§ What to work on: Leaving out all pictures, return exactly the lines from the one that contains "DELOCK Bloc terminal adaptor-> Șt. 3,5 mm" through the end of the data below.
═══ Records ═══
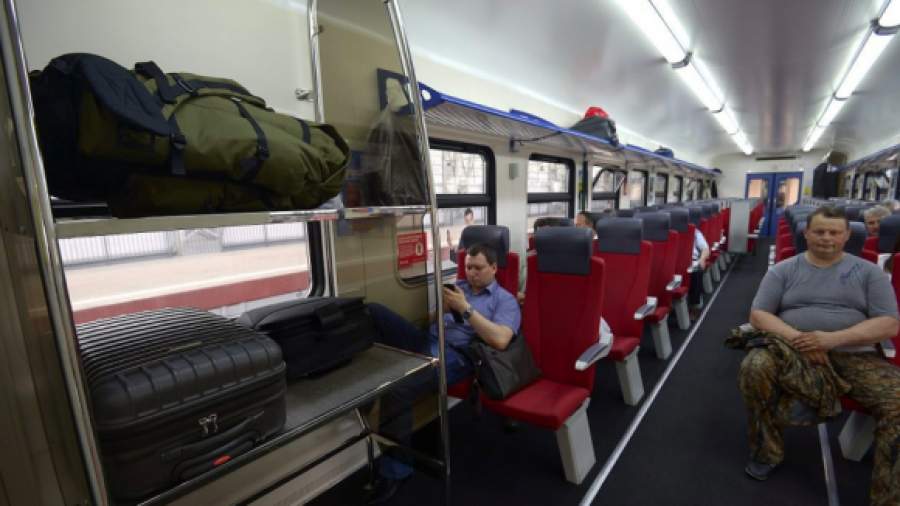 В электричках из Москвы появятся VIP-вагоны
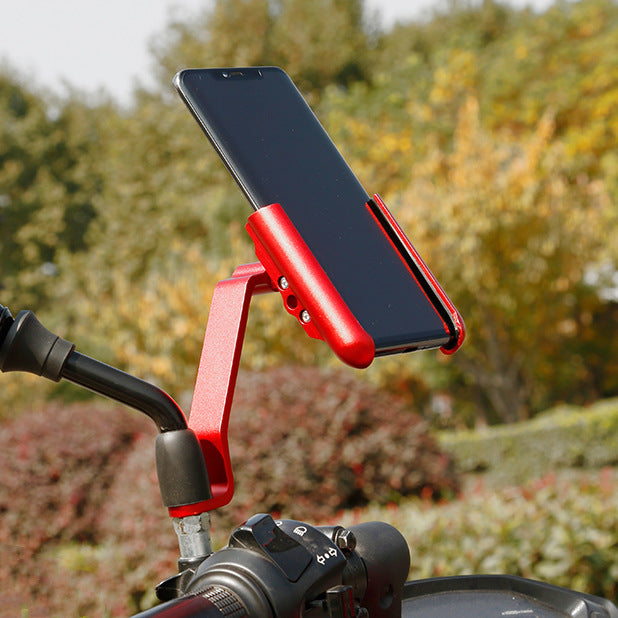 Electric Car Mobile Phone Bracket Motorcycle Navigation Takeaway Rider Car Battery Car Bicycle Mobile Phone Holder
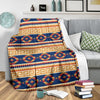 Aztec Tribal Indians Navajo Native American Print Blanket-grizzshop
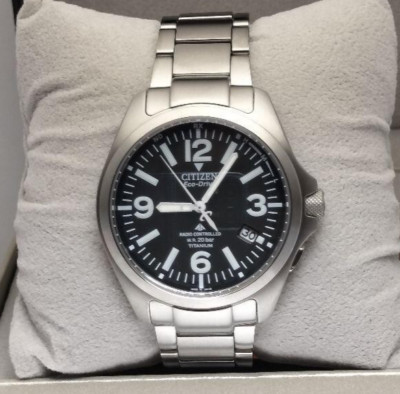 CITIZEN Promaster Radio Controlled Watch Titanium PMD56-2863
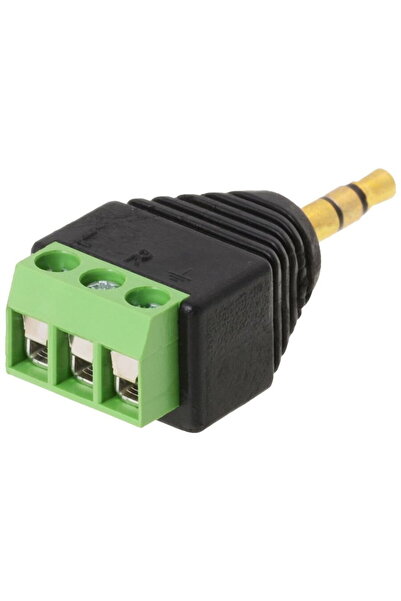 DELOCK Bloc terminal adaptor-> Șt. 3,5 mm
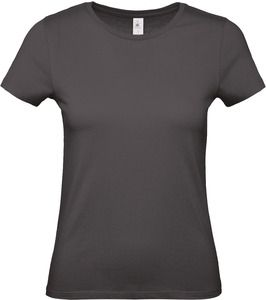 B&C CGTW02T - #E150 Ladies' T-shirt Czarny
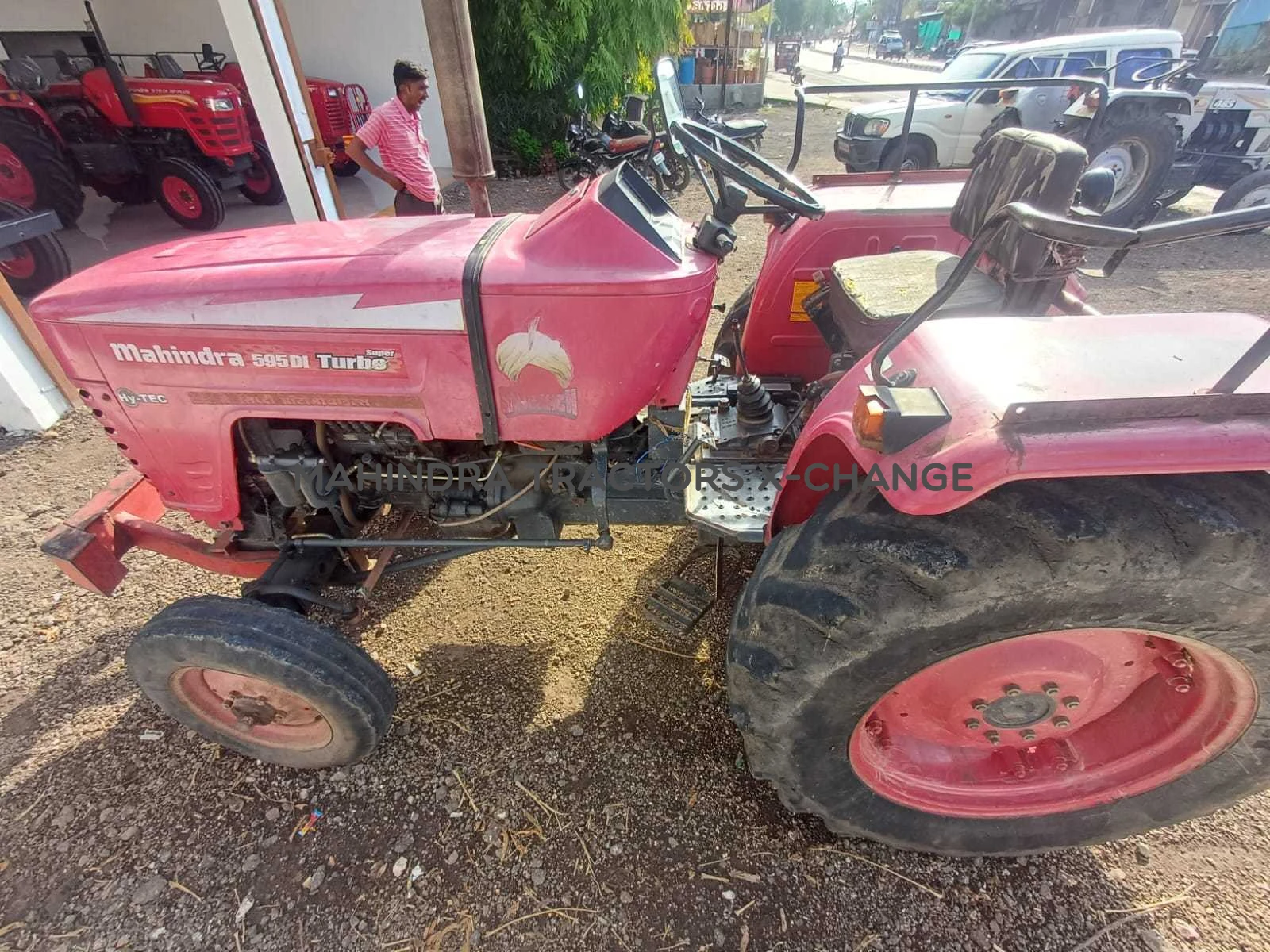 2013 Mahindra 595 DI TURBO-4
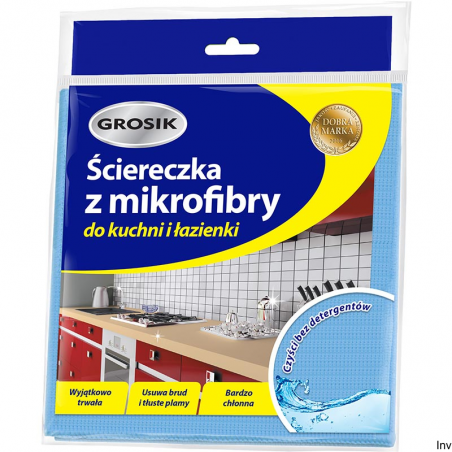 Ściereczka z mikrofibry do kuchni Grosik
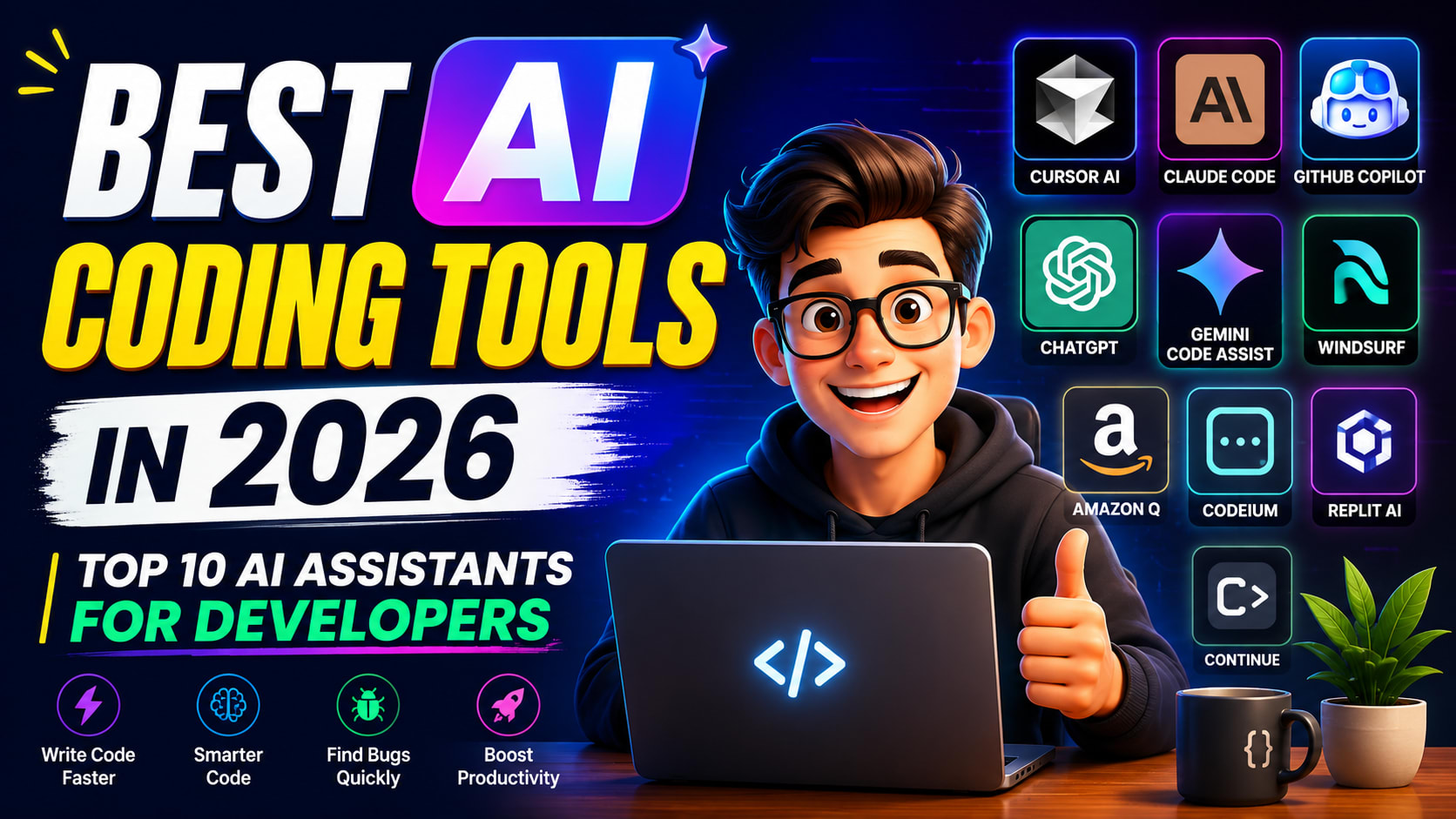 Best AI Coding Tools in 2026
═══
§ Written response:
 DELOCK Bloc terminal adaptor-> Șt. 3,5 mm
 B&C CGTW02T - #E150 Ladies' T-shirt Czarny
 2013 Mahindra 595 DI TURBO-4
 Ściereczka z mikrofibry do kuchni Grosik
 Best AI Coding Tools in 2026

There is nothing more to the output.